It should be noted that, the method for determining the analysis object included in each frame of image in the condensed video data corresponding to the target video data may be: the server may first determine a background image corresponding to a first frame image in the condensed video data (generally, the background image corresponding to the first frame image in the target video data may be determined as the background image corresponding to the first frame image in the condensed video data), then may select, in the first position set, position points of analysis objects included in the first frame image in the target video data, then select an analysis object having a lowest trajectory similarity with the analysis objects to which the position points belong, then select an analysis object having a lowest trajectory similarity with the first two selected analysis objects, and sequentially select according to this method until there is no vacant position in the background image corresponding to the first frame image in the condensed video data. Then, an analysis object included in a second frame image of the condensed video data is selected, the analysis object selected in the previous frame image is used as the analysis object in the second frame image, if a vacant position exists in a background image corresponding to the second frame image, the analysis object with the lowest track similarity to the analysis object included in the second frame image can be selected again until the vacant position does not exist in the second frame image, and therefore the analysis object included in each frame image in the condensed video data can be determined sequentially.

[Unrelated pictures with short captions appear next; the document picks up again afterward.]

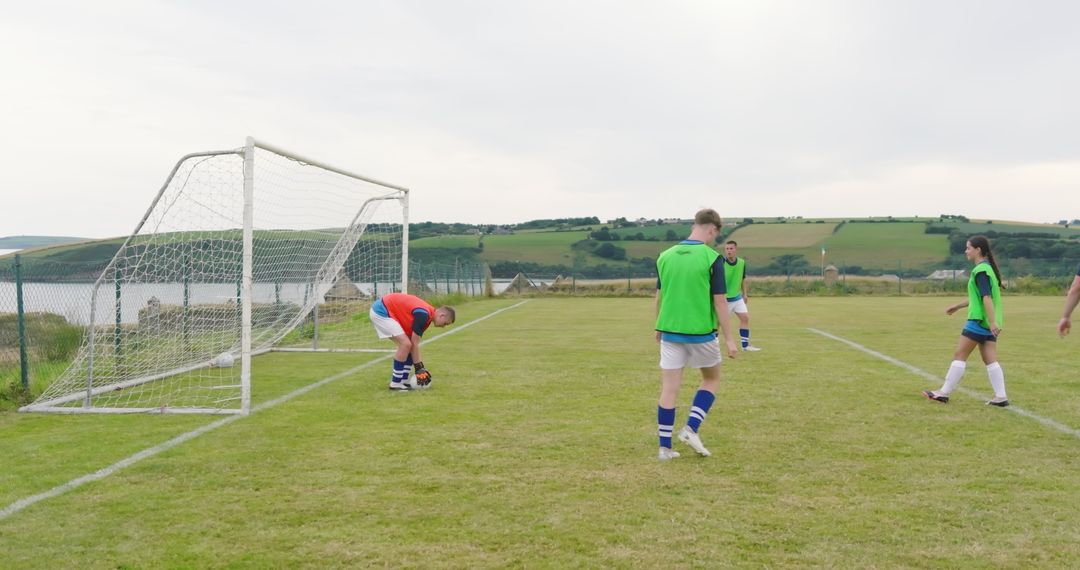 Soccer Players Practicing on Scenic Field with Goalkeeper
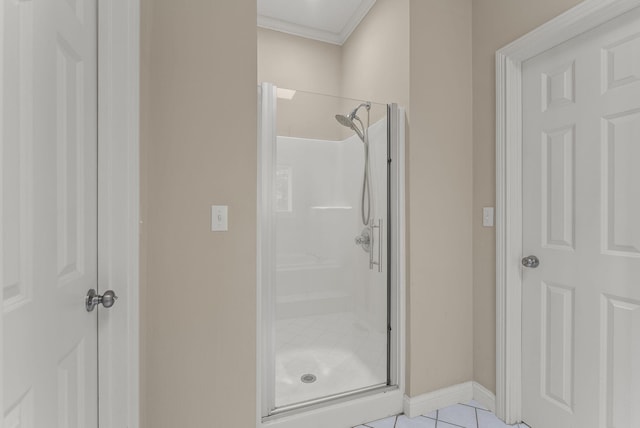 bathroom featuring a stall shower, tile patterned flooring, and baseboards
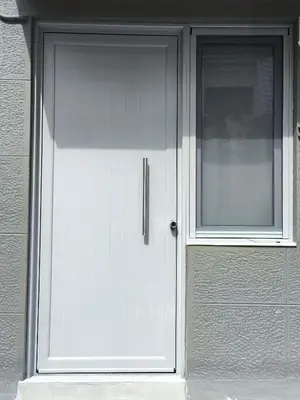 a white door with a window on a building at Microhome in Philopappos Hill in Athens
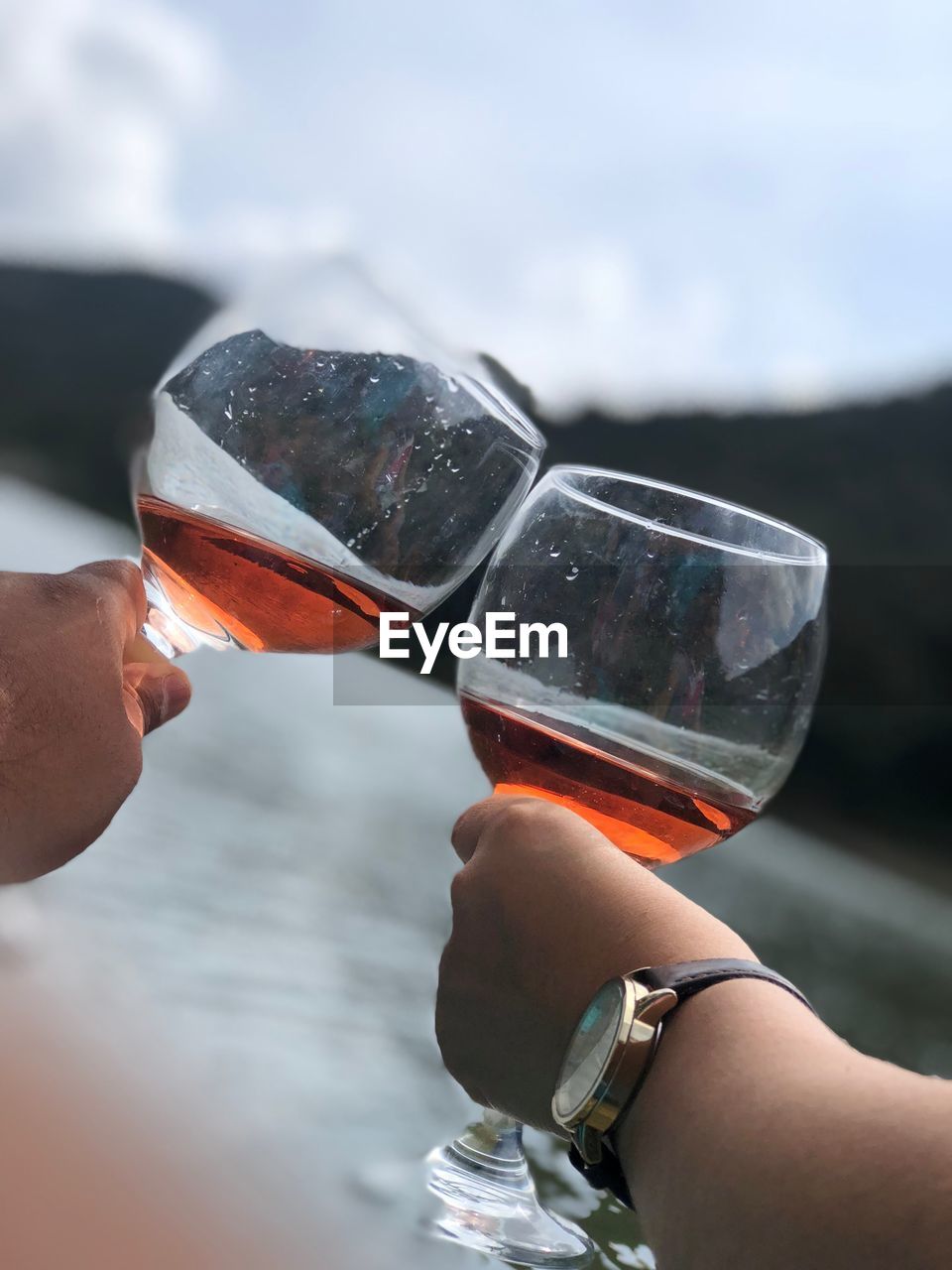 Cropped hands of friends toasting wineglasses against lake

In the above method of determining the analysis objects included in each frame of image in the condensed video data corresponding to the target video data, if the track similarity of two analysis objects is particularly high, such as ninety percent, one analysis object may be made to appear next to the other analysis object.

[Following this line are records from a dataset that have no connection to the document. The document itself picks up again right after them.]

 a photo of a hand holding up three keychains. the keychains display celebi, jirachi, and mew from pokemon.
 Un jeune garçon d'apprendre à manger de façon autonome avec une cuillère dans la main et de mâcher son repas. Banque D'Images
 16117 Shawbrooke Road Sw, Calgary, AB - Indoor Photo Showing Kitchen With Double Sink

In addition, in the above processing, it is necessary to consider the concentration rate of the target video data, and the higher the concentration rate is, the more dense the analysis objects in the concentrated video data corresponding to the target video data are, and the lower the concentration rate is, the more sparse the analysis objects in the concentrated video data corresponding to the target video data are.

Optionally, when the background image is selected, if only one background image exists in the target video data, the background image may be directly reused, if multiple background images exist in the target video data, the background image has a time identifier, the playing time of the concentrated video data corresponding to the target video data may be calculated according to the playing time and the concentration rate of the target video data, the playing time of the concentrated video data corresponding to the target video data, and the ratio of the playing time of the general target video data to the playing time of the concentrated video data is equal to the concentration rate, then the starting time point and the ending time point of the playing time of the background image in the target video data are used to calculate the starting time point and the ending time point of the playing time of the background image in the concentrated video data according to a ratio, for example, the playing time of the target video data is 60 minutes, the concentration rate is 6, and the playing time of the concentrated video data corresponding to the target video data, the target video data has two background images, a first 30 minutes background image 1 and a second 30 minutes background image 2, so that the background image 1 is used for the first 5 minutes and the background image 2 is used for the second 5 minutes in the condensed video data.

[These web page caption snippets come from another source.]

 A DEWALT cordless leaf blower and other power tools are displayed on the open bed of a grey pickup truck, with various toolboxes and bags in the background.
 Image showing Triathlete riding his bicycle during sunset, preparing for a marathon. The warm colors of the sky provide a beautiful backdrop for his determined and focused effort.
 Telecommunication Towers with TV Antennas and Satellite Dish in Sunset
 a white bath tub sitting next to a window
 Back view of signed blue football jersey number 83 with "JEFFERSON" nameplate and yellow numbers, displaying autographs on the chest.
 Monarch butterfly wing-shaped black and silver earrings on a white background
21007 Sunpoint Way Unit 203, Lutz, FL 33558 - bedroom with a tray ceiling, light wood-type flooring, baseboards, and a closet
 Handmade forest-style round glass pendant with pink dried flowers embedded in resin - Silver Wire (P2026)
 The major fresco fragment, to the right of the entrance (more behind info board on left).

Optionally, the user may also select the concentration rate by himself, when the user wants to view the target video data, the user may open the video player installed in the terminal, find the identifier of the target video, and then click the corresponding play key, the terminal may detect a click instruction of the play key, display the concentration rate option, the user may select the concentration rate, then click the confirmation key, the terminal sends a concentration request of the target video to the server, the concentration request also carries the concentration rate, the received concentration rate is used when the server performs the synthesis of the concentrated video data, the remaining processing procedure is the same as the foregoing description, and details are not repeated here.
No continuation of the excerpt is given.